What you are asked to do -
Exactly the lines from the one containing "Yu☆Gi☆Oh! Arc-V Chapter 20 - Page 11" through the end of the data below are to be reproduced, and nothing besides them.

Listed entries -
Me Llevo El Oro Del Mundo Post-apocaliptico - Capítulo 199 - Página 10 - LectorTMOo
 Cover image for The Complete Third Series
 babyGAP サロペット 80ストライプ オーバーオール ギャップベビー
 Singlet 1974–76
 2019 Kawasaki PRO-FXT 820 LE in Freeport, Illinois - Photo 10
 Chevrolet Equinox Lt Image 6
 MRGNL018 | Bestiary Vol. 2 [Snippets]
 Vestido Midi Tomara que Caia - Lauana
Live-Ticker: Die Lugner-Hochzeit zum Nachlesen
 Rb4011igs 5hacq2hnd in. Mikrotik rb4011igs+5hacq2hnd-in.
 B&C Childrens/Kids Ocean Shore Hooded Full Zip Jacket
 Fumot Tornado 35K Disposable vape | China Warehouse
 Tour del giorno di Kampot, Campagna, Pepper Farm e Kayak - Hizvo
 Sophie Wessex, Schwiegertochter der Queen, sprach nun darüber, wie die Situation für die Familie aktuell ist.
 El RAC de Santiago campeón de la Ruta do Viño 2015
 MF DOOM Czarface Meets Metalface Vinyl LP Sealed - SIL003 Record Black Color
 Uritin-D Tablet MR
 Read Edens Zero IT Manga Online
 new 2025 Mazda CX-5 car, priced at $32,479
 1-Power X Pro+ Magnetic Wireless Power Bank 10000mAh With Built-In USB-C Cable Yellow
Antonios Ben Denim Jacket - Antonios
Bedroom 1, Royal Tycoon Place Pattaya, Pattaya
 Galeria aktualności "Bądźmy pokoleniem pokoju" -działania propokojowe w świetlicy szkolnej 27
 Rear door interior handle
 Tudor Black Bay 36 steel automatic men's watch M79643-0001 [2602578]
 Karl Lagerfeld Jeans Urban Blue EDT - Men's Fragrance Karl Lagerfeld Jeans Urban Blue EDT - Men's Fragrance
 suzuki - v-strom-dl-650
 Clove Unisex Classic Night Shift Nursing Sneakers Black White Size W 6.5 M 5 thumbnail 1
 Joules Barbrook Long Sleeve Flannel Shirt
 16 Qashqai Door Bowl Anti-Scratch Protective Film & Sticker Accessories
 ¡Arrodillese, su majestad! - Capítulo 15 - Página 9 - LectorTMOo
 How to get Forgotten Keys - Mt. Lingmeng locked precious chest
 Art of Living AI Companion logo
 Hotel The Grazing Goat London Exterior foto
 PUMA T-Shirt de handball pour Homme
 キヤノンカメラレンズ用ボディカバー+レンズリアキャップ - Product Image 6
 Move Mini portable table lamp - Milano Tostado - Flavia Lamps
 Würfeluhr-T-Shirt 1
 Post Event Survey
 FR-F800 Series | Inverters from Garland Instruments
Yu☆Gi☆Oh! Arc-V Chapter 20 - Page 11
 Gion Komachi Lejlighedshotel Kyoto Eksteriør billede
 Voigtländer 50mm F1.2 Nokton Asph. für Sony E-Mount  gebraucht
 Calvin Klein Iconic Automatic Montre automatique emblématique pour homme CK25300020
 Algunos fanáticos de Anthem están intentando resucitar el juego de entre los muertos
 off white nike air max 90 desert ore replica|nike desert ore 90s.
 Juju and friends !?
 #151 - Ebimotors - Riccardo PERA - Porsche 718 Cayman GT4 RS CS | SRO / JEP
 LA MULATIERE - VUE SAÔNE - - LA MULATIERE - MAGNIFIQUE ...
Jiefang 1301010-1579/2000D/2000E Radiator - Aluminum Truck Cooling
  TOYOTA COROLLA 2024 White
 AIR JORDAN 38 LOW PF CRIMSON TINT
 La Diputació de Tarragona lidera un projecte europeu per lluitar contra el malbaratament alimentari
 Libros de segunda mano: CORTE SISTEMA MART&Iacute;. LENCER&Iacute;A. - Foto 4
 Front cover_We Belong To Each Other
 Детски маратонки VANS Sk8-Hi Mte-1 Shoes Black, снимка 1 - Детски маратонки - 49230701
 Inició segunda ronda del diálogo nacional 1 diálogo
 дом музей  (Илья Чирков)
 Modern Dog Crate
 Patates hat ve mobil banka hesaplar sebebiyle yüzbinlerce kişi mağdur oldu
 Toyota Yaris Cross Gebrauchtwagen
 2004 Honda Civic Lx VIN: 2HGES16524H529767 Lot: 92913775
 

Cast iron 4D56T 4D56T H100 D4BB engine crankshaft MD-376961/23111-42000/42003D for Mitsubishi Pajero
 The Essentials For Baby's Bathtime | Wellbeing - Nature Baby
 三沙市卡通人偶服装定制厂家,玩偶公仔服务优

Result of the task -
Yu☆Gi☆Oh! Arc-V Chapter 20 - Page 11
 Gion Komachi Lejlighedshotel Kyoto Eksteriør billede
 Voigtländer 50mm F1.2 Nokton Asph. für Sony E-Mount  gebraucht
 Calvin Klein Iconic Automatic Montre automatique emblématique pour homme CK25300020
 Algunos fanáticos de Anthem están intentando resucitar el juego de entre los muertos
 off white nike air max 90 desert ore replica|nike desert ore 90s.
 Juju and friends !?
 #151 - Ebimotors - Riccardo PERA - Porsche 718 Cayman GT4 RS CS | SRO / JEP
 LA MULATIERE - VUE SAÔNE - - LA MULATIERE - MAGNIFIQUE ...
Jiefang 1301010-1579/2000D/2000E Radiator - Aluminum Truck Cooling
  TOYOTA COROLLA 2024 White
 AIR JORDAN 38 LOW PF CRIMSON TINT
 La Diputació de Tarragona lidera un projecte europeu per lluitar contra el malbaratament alimentari
 Libros de segunda mano: CORTE SISTEMA MART&Iacute;. LENCER&Iacute;A. - Foto 4
 Front cover_We Belong To Each Other
 Детски маратонки VANS Sk8-Hi Mte-1 Shoes Black, снимка 1 - Детски маратонки - 49230701
 Inició segunda ronda del diálogo nacional 1 diálogo
 дом музей  (Илья Чирков)
 Modern Dog Crate
 Patates hat ve mobil banka hesaplar sebebiyle yüzbinlerce kişi mağdur oldu
 Toyota Yaris Cross Gebrauchtwagen
 2004 Honda Civic Lx VIN: 2HGES16524H529767 Lot: 92913775
 

Cast iron 4D56T 4D56T H100 D4BB engine crankshaft MD-376961/23111-42000/42003D for Mitsubishi Pajero
 The Essentials For Baby's Bathtime | Wellbeing - Nature Baby
 三沙市卡通人偶服装定制厂家,玩偶公仔服务优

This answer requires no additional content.